9 мая Андрей проснулся в предчувствии особенно счастливого открытия. Его не смутило даже то, что от съестных припасов остался всего огрызок лепешки. Но солнце грело замечательно, работа захватила его, и он забыл о голоде.
Примерно в десять утра пришлось отложить кирку и взять в руки нож, потому что изменившийся цвет породы подсказал, что близко лежит некий металлический предмет.
Андрей принялся соскабливать с темного пятна светлую землю. Было еще не жарко, Андрей работал обнаженным по пояс и успел загореть, как местный рыбак. Из-за сильного загара волосы выгорели и казались светлее кожи лица, а зубы белели, как у негра.
Нечто крупное загородило солнце.
– Что мы видим! – послышался самоуверенный утробный баритон. – Мы видим жалких кладоискателей, которые и не подозревают, что здесь уже побывал в конце прошлого века граф Уваров, а также Крестинский с компанией.
Андрей вскочил, не выпуская ножа, но не смог разглядеть визитера или визитеров, потому что они стояли спинами к солнцу.
– Эй, юноша, с ножиком осторожнее! – раздался другой голос. Молодой, с кавказским акцентом.
Андрей отступил и приставил ладонь ко лбу. Теперь он мог разглядеть, что в гости к нему пожаловал не Вревский, чего Андрей всегда опасался, а компания дам и барышень, в которой было лишь двое мужчин. Обладатель кавказского акцента был в форме поручика, у него было крупное восточного типа лицо с тяжелым носом, черные кудри выбивались из-под фуражки.
Баритон принадлежал профессору Авдееву, бывшему покровителю и наставнику Андрея по Московскому университету.
Княгиня Ольга узнала Андрея и всплеснула руками:
– Берестов! Андрюша! Блудный сын нашего сообщества! Ты что здесь делаешь?
– У меня летняя практика, – сказал Андрей, смутившись своего вида и того, что он был застигнут за делом предосудительным – за частными раскопками на чужой земле.
– Чудесная шутка! – возрадовался профессор Авдеев. – Ваше Величество, прошу любить и жаловать! Этот бандит – мой любимый талантливый ученик, Андрей Берестов.
– Очень приятно в такие дни увидеть юношу, которому интересы науки дороже, чем участие в митингах и манифестациях, – сказала императрица Мария Федоровна, которую Андрей узнал не сразу, хотя видел ее близко в доме своего отчима.
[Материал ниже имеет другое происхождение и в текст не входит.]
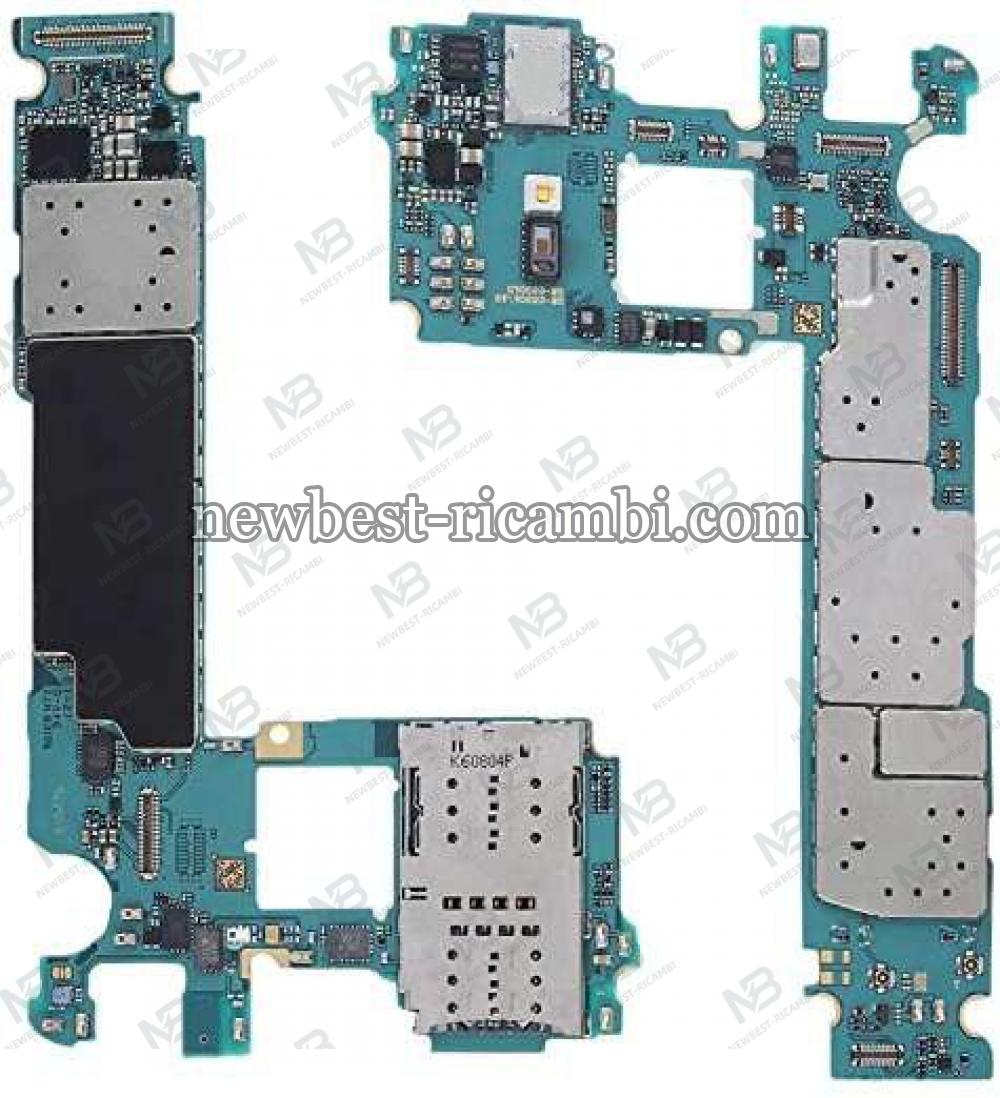 Samsung Galaxy S7 G930f Motherboard Scheda Madre 32GB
Андрей смущенно поклонился.
– Берестов? – сказала императрица. – Берестов? – Она покатала в сознании фамилию, как шарик, но не вспомнила. Обратилась к молодой девушке, стоявшей рядом. Господи, это же княжна Татьяна, которую стервец Ахмет за коленку схватил, понял Андрей. – Что мне напоминает эта фамилия? – спросила княжну императрица.
Татьяна пожала плечами и ответила длинной французской фразой, которую Андрей не понял.
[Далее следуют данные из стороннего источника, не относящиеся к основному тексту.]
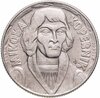 Польша 10 злотых (zlotych) 1959  Николай Коперник, Аукцион: Monetnik за 586 RUB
Оказывается, профессор Авдеев остановился в Ялте по дороге на раскопки в Трапезунд. Он был приглашен в гости знавшей о нем еще по довоенным временам императрицей Марией Федоровной, скучавшей под домашним арестом на вилле Дюльбер, которую охранял бравый поручик Джорджилиани. Сочетая приятное с полезным, профессор повел высокопоставленных знакомых на экскурсию по окрестностям их имения, дабы показать некоторые забытые, таящиеся в зарослях памятники античности и Средневековья, которыми столь славен Крым. И надо же было на руинах встретить студента Берестова! Встреча эта была приятна профессору – значит, он смог заложить нечто важное в душу этого молодого человека, если тот даже в такое время продолжает заниматься любимым делом. Так что все прежние обиды и недоразумения были тотчас забыты, и Андрей получил приглашение к профессору, остановившемуся со своей свитой в гостинице «Ореанда».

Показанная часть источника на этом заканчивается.